IMF programı karşıtı bir talepler bütünü etrafında, işçi sınıfı ve tüm emekçileri birleştirerek seferber etme mücadelesinin bir parçası olarak, sendikal mücadele ele alınırsa, hem çalışmanın verimli kılınabileceği hem de tüm güçlerin birleştirilebileceği bir platforma geçilmiş olur. Bu yüzden de; IMF ve arkasındaki güçleri püskürtme amaçlı bir mücadelenin ülke sathında geliştirilmesinin bir uzantısı olarak, sendikaların yeniden örgütlenmesi, sendikasız işçi kesimlerinin sendikalaştırması mücadelesi başka bir anlam kazanır. Somut olarak sendikalaşılmasına karar verilen işyerlerinde de aynı programın işyerinin en yakıcı talepleriyle birleştirilmiş bir biçimi gündeme gelir. Dolayısıyla sendikalaşma, kendi başına bir işyerindeki üç-beş yüz işçinin mücadelesi olmaktan çıkıp, bütün bir sınıfın sermaye güçlerine karşı mücadelesinin uzantısı olur. Elbette ki; buna uygun bir örgütlenme ve çabayla parti tarafından planlanıp geliştirildiği ölçüde.
Kuşkusuz ki; bir bölgedeki işçi örgütü, sendikal örgütlenme yaratma çalışması; bölgedeki güçleri harekete geçirmeyi amaçladığı ölçüde, bölgenin özelliklerini, mücadele geleneklerini de kapsamak durumundadır.

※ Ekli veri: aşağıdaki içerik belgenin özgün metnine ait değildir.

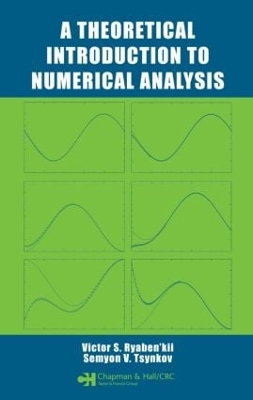 Theoretical Introduction to Numerical Analysis by Victor S. Ryaben'kii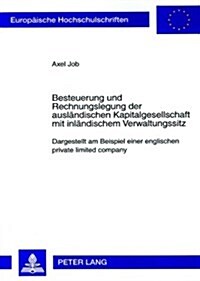 Besteuerung Und Rechnungslegung Der Auslaendischen Kapitalgesellschaft Mit Inlaendischem Verwaltungssitz: Dargestellt Am Beispiel Einer Englischen Pri (Paperback)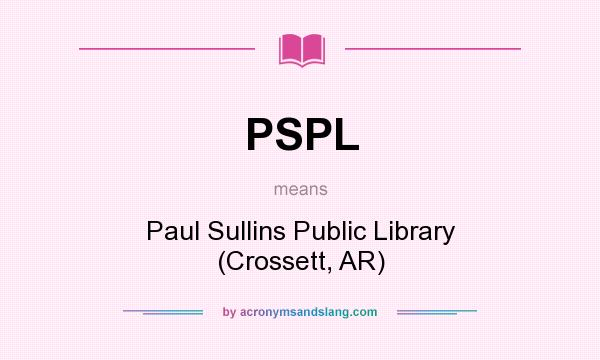 What does PSPL mean? It stands for Paul Sullins Public Library (Crossett, AR)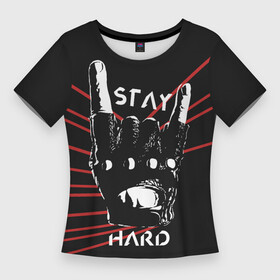 Женская футболка 3D Slim с принтом Stay hard в Курске,  |  | знак коза | знак хеви метал | коза | метал | перчатка | рок | рука в перчатке | терминатор | хард рок | хеви метал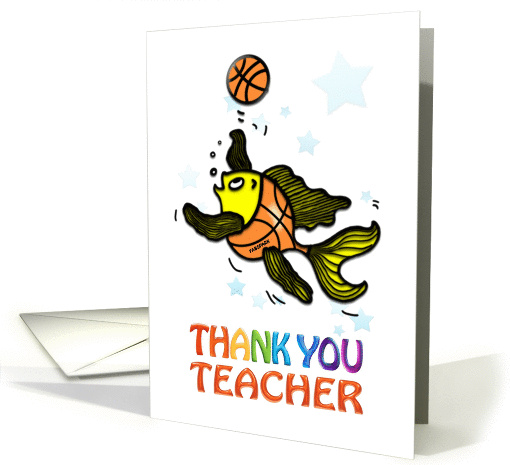 Thank You Kindergarten Teacher Fish playing Basketball fun... (885233)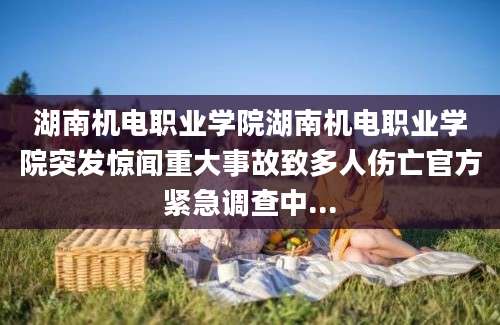 湖南机电职业学院湖南机电职业学院突发惊闻重大事故致多人伤亡官方紧急调查中...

Örneğin; işyerlerindeki doğal önder işçilerin mücadeleye kazanılması, olup bitenin farkında olmalarını sağlayacak bir biçimde gidişatı anlayacakları bir platformun oluşturulması, bölge işçilerinin, olup biteni tartışıp karar verecekleri bir demokratik tartışma ortamının yaratılması, daha önceki mücadelelerde bölgedeki işçiler üstünde belirli bir etkiye sahip olmuş “lider işletmelerin” işçilerinin mücadeleye çekilmesi gibi, ilk bakışta ayrıntı gibi görünen pek çok şeyin planlanması gerekmektedir. Yani; sorunların çözümlenmesinde en ileri ve mümkün olduğu kadar basit ve güncel sorunların baskısından kurtarılmış bir tutum benimsenirken; bu politikaların hayata geçirilmesinde en tabandaki işçinin duygusunu ve düşüncesini dikkate alıp onu kazanacak, değiştirip dönüştürecek bir çalışmanın organize edilmesi ilkesi, bütün çalışmanın temeline konmak durumundadır.

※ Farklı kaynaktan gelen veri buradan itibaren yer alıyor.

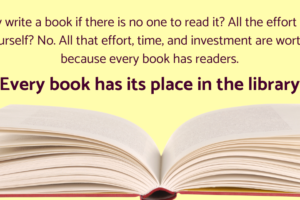 An image of an open book, above which are the words "Why write a book if there is no one to read it? All the effort for ... yourself? No. All that effort, time, and investment are worth it because every book has readers. Every book has its place in the library."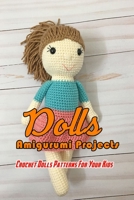 Dolls Amigurumi Projects: Crochet Dolls Patterns For Your Kids: Cutest Crochet Doll Patterns B08R3LY5MW Book Cover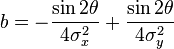 b = -\frac{\sin2\theta}{4\sigma_x^2} + \frac{\sin2\theta}{4\sigma_y^2}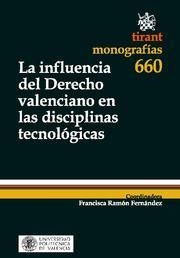 INFLUENCIA DEL DERECHO VALENCIANO EN LAS DISCIPLINAS TECNOLÓGICAS, LA | 9788498766400 | FRANCISCA RAMÓN FERNÁNDEZ/AMPARO BAVIERA PUIG/JUAN BUITRAGO VERA/VICENTE CABEDO MALLOL/LOURDES CANÓS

“Destek”, “dayanışma”, “başarı”, “yenilgi”, mücadelenin yönlendirilmesinde “partinin bir rol oynaması”, “işçi örgütlenmesi”, “sendikal mücadele”, “partinin işyerindeki birim örgütü” gibi kavramların karşılığı olan çalışma, ancak böylesi “genel” ve “özel”i birleştiren bir çalışma içinde anlamlı olabilir. “Eleştiri” ya da “özeleştiri” de bu kapsamda olduğu ölçüde bir yarar sağlayıp, yenilginin zafere dönüştürülmesinin imkânını yaratabilir.